Oooh, I love to cook. I could leave pages and pages of input, but I'll just share a few things that have made my life easier in the kitchen:

1.Keep a garbage bowl handy on your countertop for food scraps, peels, etc. Nothing worse than having to run to and fro from the trash can while you're trying to do other things at the same time.
2. Read recipes straight through before you start. Most of the times when I've ruined my food, it's because surprises cropped up halfway through the process.
3. Crack eggs right on the countertop, instead of on the side of the bowl. You'll get a much cleaner break, which means you'll be less likely to eat shell later on!
4. Any time you cook rice, couscous, steamed veggies, etc., use leftover chicken or beef stock. It will be much tastier.
5. Throw out your measuring cups. This was a hard one for me, but my cooking has gotten much better since I've started trusting myself instead of the numbers on the cups and the spoons. (But this does not hold true for baking, where exact measuring is more important!)
6. Get a good kitchen knife!!! (I'd recommend a Wusthoff Santoku)
7. Don't be afraid to try new or somewhat scary recipes. Your less likely to screw it up than you think, and even if you do you'll learn something.

If I had to get rid of half of my cookbooks, I'd keep the ones by Rachael Ray, Paula Deen, Nigella Lawson, and the Lion House. The Barefoot Contessa would be high on the list, too. But you'd have to really fight me to get me to part with my cookbooks!

travellersyarn said...

I would be very interested to read about family meals that have a high vegetable quotient (not necessarily vegetarian) or local, seasonal food, or Thai food (or all of the above).

David Thompson's Thai Food book would be daunting, but I'm sure that you would learn an amazing amount.

sooz said...

I'm really enjoying the suggestions - keep 'em coming!

Yes, seafood should figure much more in our lives and I intend to do some investigation there - book recommendations?

Like Kim I have some reservations about Stephanie. I've loved that book long and hard, but a few problems recently have cooled me to her.

I'd love to hear more about which Bill Grainger or Maggie Beer, or other aussies.

I'm trying to eat healthier, so mastering pastry or pretty much anything by Nigella are not on the agenda. I know well enough how to cook food I should be having less of! :-)

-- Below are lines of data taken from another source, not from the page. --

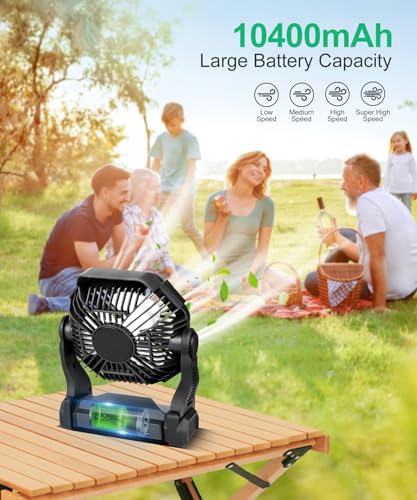 Portable Rechargeable Fan with LED Lantern V172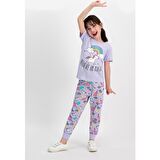 Believe Magic Lila Kız Çocuk Pijama Takımı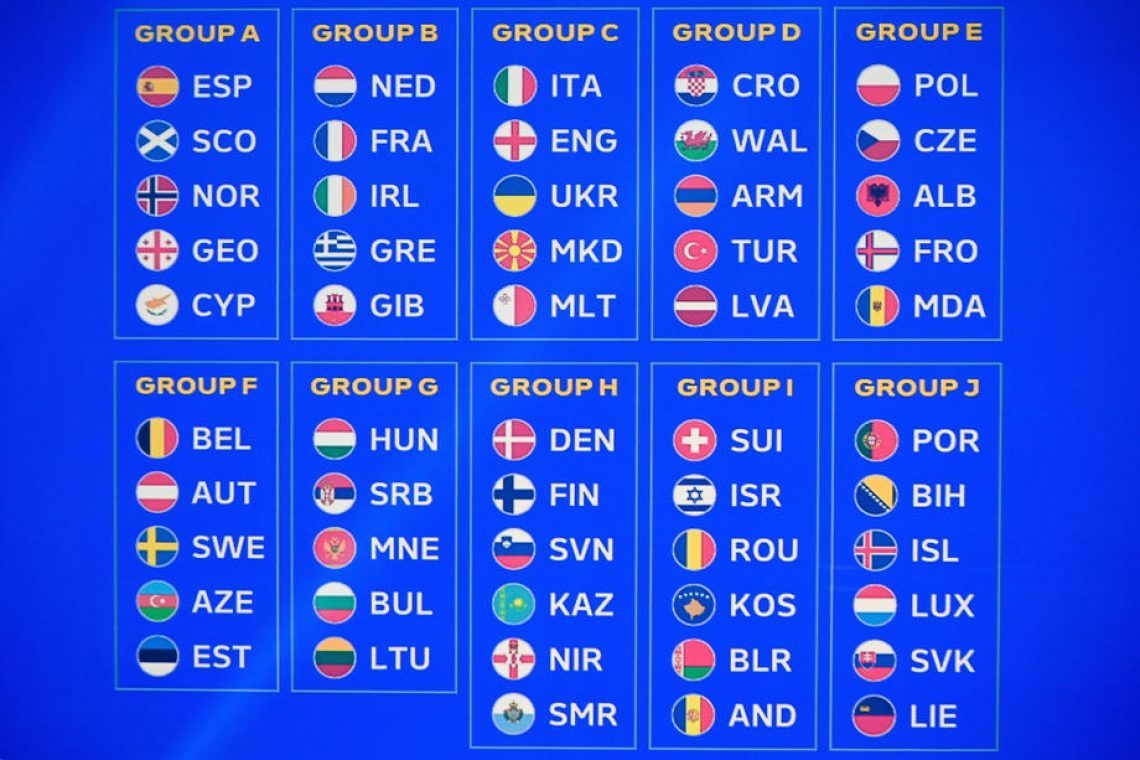Slovenci v kvalifikacijah za EP z Dansko, Finsko, Kazahstanom, Severno Irsko in San Marinom
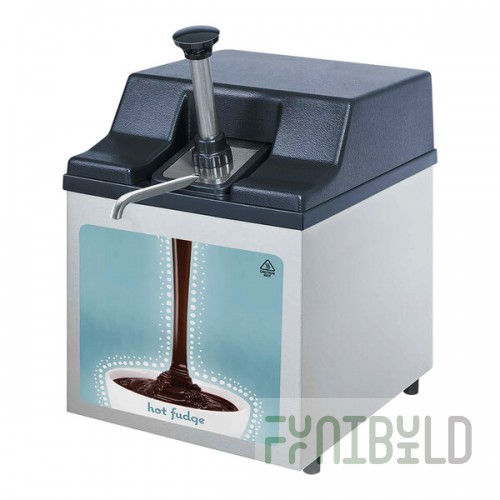 Server Advantage FSAF 85070 96 oz. Pouched Topping Warmer / Merchandiser with Pump - 120V, 350W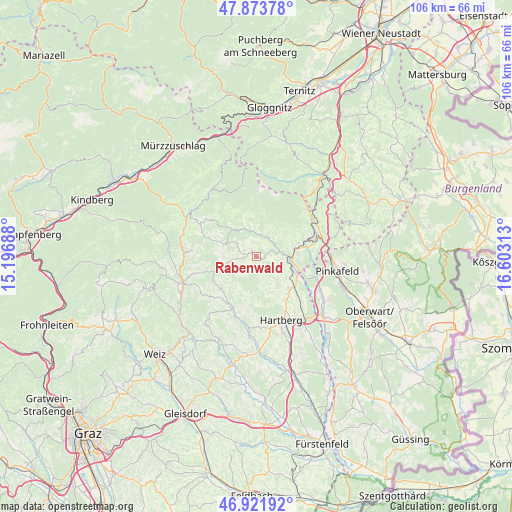 Rabenwald on map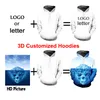 Mäns Hoodies Sweatshirts Ifpd Hip Hop Hoodie 3D Print French Fries Pizza Men Långärmad Graffiti Stora Pullover Streetwear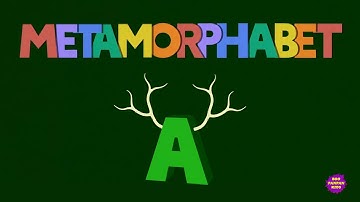 Metamorphabet🔤 Playful 3D interactive alphabet| Boopanpankids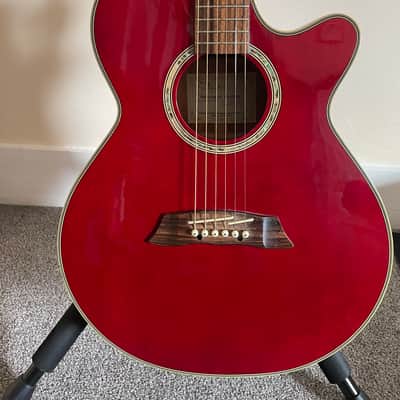 Takamine EG560c Mid-2000s - Red image 2
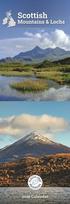 Scottish Mountains Lochs Slim Calendar 2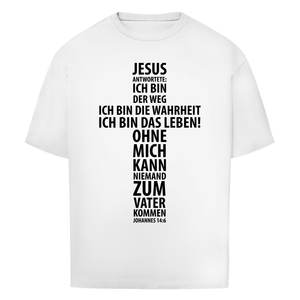 Oversize T-Shirt jesus: ich bin das leben johannes 14:6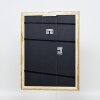 Efecto marco de madera perfil 85 oro 10x15 cm cristal acrílico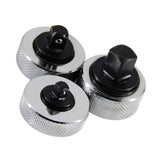 Maxbell 3Pcs Thumbwheel Ratchet Wrench Professional Anti Slip Knurled Grip Accessory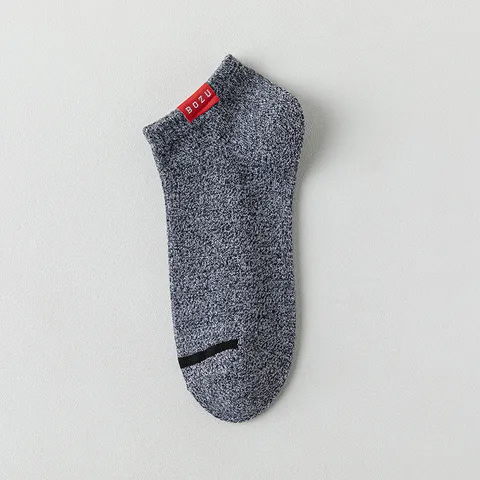 Calzini Corti Casual Estivi da Uomo in Cotone Sottile Traspirante Deodorante Sportivo Calzini Bassi Tinta Unita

I'm hoping to go back to making bread regular like, and revive my Thai cooking skills, particularly if I can find more child friendly dishes (though I will find it very hard to go back to buying my Thai aromoatics since I have most of them in my garden, including Kaffir lime leaves! And how do you steam sticky rice without a sticky rice pot and basket?!)

And any good vego ideas?

nicole said...

I think you should totally focus on deserts.
In my experience it doesn't matter if dinner was a burnt mess, as long as desert is spectacular nobody will remember the horrors that came before it ;-)

Lisa said...

My challenge this year has been my daughter becoming a vegetarian. We didn't eat heaps of meat before this, but now we eat none. There's just the two of us here so it doesn't make sense to cook 2 different meals. I've bought a slow cooker for vegie curries and stews, and soups - the last two items won't be any good for you but perhaps you could look into vegie curries/asian style dishes. So fresh and delicious. And I love love love cooking with fruit - simple stuff like bbq'd stone fruit with yoghurt. You'll have lots of scope for that sort of cooking.

innercitygarden said...

If you want more veg, and healthier, then you'll be needing to bookmark http://www.101cookbooks.com/index.html

You could make it six months of veggo Californian-style eating.

Pepija said...

If you are interested in vegetarian cooking, may I suggest Nadine Abensur's "the Crank's bible"?

What a wonderful recipe book, and no, I do not miss my meat when I cook her recipes! This is about the only cookbook that I have seriously considered cooking every recipe from (while still loving my complete works of Nigella). She covers quite a lot, and the allowed ingredients include eggs and chocolate - not strictly vegetarian but that broadens the scope so much more.

Plus, she has moved to Australia from UK, so that should give her a plus point, hehe.